Let's suppose $R$ is the ring $\mathbb{Q}[[X,Y,Z]]$. I'm interested in finding power series $f(x,y,z) \in R \setminus \mathbb{Q}[X,Y,Z]$ which are, first of all, prime elements in $R$, but also satisfy the following condition: if $g(x,y,z)$ is any nonzero formal power series, then $fg$ is still in $R \setminus \mathbb{Q}[X,Y,Z]$. In other words I'd like to find examples of prime infinite series which are "stable," in the sense that their product with other (nonzero) power series always results in another infinite series.
The problem is a lot of power series can be multiplied by ordinary polynomials such that the result is no longer an infinite power series. Something like $e^x$ is kind of stable though, since if $f(x)$ were a polynomial, if $f(x)e^x$ were no longer an infinite series then we could evaluate this at $0$, implying $e$ is the root of a polynomial in $\mathbb{Q}$.
However, $e^x$ is neither prime (it's a unit) and the fact that it's a unit means there does exist an infinite series (namely its inverse) such that $e^x(e^x)^{-1}$ is no longer an infinite series.
I was thinking of using something like $y + e^x - 1$, which is $y + x + x^2/2 + x^3/3! + ...$, clearly a nonunit. I have no idea whether this element is prime or not though. Perhaps I could relate the transcendentalism of $e$ to $y + e^x - 1$ being stable as an infinite series, as I did in the last paragraph.

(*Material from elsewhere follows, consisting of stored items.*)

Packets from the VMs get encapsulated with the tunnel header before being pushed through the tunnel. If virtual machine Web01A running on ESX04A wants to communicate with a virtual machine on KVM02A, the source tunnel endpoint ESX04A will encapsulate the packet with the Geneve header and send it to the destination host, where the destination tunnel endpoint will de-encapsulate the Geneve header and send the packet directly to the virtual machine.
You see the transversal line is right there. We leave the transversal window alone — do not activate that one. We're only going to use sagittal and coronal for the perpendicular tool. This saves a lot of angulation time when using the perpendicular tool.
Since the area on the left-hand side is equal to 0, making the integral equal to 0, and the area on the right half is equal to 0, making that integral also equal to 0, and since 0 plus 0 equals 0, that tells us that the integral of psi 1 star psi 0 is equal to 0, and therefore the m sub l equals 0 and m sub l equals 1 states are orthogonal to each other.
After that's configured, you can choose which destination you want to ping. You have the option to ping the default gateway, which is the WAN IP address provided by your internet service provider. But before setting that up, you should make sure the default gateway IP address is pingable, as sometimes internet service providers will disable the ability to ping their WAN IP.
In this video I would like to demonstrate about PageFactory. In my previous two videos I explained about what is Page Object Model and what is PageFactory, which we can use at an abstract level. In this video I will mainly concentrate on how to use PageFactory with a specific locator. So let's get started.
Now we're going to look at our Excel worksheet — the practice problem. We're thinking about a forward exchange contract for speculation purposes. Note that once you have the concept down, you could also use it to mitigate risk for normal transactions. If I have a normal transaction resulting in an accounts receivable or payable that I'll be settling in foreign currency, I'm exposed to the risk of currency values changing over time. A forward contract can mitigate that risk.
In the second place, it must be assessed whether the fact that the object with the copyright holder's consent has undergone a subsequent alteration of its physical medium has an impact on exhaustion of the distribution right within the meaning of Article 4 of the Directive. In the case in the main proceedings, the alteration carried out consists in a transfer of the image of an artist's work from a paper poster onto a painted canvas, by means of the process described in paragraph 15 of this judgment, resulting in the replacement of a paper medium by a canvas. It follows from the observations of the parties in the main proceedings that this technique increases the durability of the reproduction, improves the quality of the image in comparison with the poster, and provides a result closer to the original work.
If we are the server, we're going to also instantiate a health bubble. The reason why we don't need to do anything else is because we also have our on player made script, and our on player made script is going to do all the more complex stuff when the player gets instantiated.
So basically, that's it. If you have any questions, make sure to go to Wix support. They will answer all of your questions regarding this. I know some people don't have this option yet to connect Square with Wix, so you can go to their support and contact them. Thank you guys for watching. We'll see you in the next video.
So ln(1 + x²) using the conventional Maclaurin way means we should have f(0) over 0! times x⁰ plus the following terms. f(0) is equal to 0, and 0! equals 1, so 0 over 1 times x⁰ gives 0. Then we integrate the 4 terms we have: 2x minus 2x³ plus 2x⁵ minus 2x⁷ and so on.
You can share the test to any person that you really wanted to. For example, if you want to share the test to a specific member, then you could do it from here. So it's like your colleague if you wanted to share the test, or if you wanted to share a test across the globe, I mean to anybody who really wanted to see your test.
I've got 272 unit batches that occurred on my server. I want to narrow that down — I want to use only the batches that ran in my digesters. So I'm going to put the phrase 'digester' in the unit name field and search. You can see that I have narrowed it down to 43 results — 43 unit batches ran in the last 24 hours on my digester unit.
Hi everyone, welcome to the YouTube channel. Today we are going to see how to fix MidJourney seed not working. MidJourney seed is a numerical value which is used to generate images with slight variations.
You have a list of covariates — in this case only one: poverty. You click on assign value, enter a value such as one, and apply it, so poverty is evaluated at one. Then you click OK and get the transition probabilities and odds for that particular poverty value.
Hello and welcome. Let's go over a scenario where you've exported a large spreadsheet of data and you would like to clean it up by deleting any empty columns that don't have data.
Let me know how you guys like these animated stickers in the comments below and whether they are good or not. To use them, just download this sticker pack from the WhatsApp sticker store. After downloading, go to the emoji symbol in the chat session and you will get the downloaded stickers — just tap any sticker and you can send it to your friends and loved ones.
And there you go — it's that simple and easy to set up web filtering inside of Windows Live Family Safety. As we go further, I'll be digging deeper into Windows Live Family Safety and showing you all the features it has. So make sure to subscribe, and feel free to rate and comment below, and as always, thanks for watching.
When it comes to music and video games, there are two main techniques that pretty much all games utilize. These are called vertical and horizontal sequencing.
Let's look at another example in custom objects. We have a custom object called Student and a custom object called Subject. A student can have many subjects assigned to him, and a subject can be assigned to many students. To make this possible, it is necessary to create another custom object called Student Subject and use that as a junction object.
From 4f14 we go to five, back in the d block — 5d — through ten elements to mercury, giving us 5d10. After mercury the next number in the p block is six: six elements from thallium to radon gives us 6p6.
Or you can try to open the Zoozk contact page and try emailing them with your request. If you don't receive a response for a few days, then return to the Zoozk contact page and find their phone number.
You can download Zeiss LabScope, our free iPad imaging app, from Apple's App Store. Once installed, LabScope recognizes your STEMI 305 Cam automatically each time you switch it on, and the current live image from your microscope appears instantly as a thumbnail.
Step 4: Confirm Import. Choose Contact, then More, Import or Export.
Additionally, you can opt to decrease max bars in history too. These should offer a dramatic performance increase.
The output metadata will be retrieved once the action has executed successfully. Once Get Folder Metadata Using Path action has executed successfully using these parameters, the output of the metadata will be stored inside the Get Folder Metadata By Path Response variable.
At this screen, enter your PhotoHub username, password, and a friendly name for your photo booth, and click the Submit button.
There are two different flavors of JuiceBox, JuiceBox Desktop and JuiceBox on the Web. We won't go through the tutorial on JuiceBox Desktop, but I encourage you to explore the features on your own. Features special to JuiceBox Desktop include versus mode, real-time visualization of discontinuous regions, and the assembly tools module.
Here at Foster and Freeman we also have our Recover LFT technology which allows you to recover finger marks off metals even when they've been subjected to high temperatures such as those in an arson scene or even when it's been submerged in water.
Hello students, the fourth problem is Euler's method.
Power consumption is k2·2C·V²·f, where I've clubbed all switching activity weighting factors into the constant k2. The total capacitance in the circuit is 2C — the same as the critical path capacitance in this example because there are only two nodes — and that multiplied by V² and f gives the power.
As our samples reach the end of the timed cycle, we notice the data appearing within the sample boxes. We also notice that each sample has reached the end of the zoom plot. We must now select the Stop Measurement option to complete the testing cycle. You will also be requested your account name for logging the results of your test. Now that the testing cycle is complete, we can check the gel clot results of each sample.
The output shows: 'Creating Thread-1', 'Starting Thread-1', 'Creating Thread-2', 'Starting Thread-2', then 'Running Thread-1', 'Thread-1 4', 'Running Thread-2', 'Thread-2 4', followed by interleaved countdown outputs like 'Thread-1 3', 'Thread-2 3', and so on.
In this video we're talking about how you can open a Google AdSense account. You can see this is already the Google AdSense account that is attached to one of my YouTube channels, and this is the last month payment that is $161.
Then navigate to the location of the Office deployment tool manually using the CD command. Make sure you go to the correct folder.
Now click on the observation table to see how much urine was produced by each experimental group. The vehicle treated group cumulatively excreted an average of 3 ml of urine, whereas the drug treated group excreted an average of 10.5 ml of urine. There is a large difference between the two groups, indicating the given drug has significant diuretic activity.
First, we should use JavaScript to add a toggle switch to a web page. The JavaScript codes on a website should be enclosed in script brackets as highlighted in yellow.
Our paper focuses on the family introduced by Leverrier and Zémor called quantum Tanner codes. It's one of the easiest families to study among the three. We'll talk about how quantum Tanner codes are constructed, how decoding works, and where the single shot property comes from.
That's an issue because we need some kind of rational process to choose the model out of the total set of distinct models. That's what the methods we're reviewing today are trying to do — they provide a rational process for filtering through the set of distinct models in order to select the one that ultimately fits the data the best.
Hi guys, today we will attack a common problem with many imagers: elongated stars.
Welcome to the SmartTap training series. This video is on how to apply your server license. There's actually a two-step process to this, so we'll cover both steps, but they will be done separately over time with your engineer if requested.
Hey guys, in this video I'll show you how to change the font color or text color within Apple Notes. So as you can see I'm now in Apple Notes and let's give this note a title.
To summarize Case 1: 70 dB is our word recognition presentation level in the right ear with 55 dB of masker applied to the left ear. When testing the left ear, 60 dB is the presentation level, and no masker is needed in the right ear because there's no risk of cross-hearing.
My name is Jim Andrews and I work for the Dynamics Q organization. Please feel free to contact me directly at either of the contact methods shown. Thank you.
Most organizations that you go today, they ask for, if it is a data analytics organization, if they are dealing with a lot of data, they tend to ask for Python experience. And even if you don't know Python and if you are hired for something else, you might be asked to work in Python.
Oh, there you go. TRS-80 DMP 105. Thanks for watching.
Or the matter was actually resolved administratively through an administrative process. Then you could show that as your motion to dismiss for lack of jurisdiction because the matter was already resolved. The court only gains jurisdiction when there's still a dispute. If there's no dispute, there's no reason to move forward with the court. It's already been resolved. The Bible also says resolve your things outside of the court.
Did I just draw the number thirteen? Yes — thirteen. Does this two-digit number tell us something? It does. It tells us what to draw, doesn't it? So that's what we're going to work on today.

If this works, then perhaps I could work in other transcendental numbers, for example $\sum\limits_{n \geq 1} 10^{-n!}$, so that $y + \sum\limits_{n \geq 1}10^{-n!}x^n$ is prime and stable. I really don't know if this is a fruitful approach though.
Take a power series $t(X)\in X\mathbb Q[[X]]$ which is transcendental over $\mathbb Q[X]$ (this exists by comparing the cardinalities of powers series and algebraic power series). Consider $f(X,Y,Z)=Y-t(X)$. Suppose $$f(X,Y, Z)g(X,Y,Z)=P(X,Y,Z)\in \mathbb Q[X,Y,Z].$$ Write $P=P_0(X,Y)+P_1(X,Y)Z+...$ and substitute $Y$ with $t(X)$ in the above equality: $$ 0 = P(X, t(X), Z)=P_0(X, t(X))+P_1(X, t(X))Z+...$$ This implies that $P_i(X,Y)=0$, hence $P=0$ and $g=0$.
Edit The element $f(X, Y, Z)$ is prime because $\mathbb Q[[X, Y, Z]]/(f)=\mathbb Q[[X, Z]]$ is an integral domain.
To answer YACP's question in the comments: the localization $S^{-1}Q[[X, Y, Z]]$ has Krull dimension $2$: as the maximal ideal of $\mathbb Q[[X, Y, Z]]$ mets $S$, this localization has dimension at most $2$. Let $s(X)\in X\mathbb Q[[X]]$ be transcendental over $\mathbb Q[X, t(X)]$ (cardinality argument: the transcendental degree of $\mathbb Q[[X]]$ over $\mathbb Q[X]$ is infinite and even uncountable). Consider the ideal $\mathfrak p$ generated by $Y-t(X), Z-s(X)$. It is prime because the quotient $\mathbb Q[[X, Y, Z]]/\mathfrak p=\mathbb Q[[X]]$ is integral. The same argument above shows that $\mathfrak p\cap S=\emptyset$. Therefore $\mathfrak p$ defines a prime ideal of height $2$ in the localization.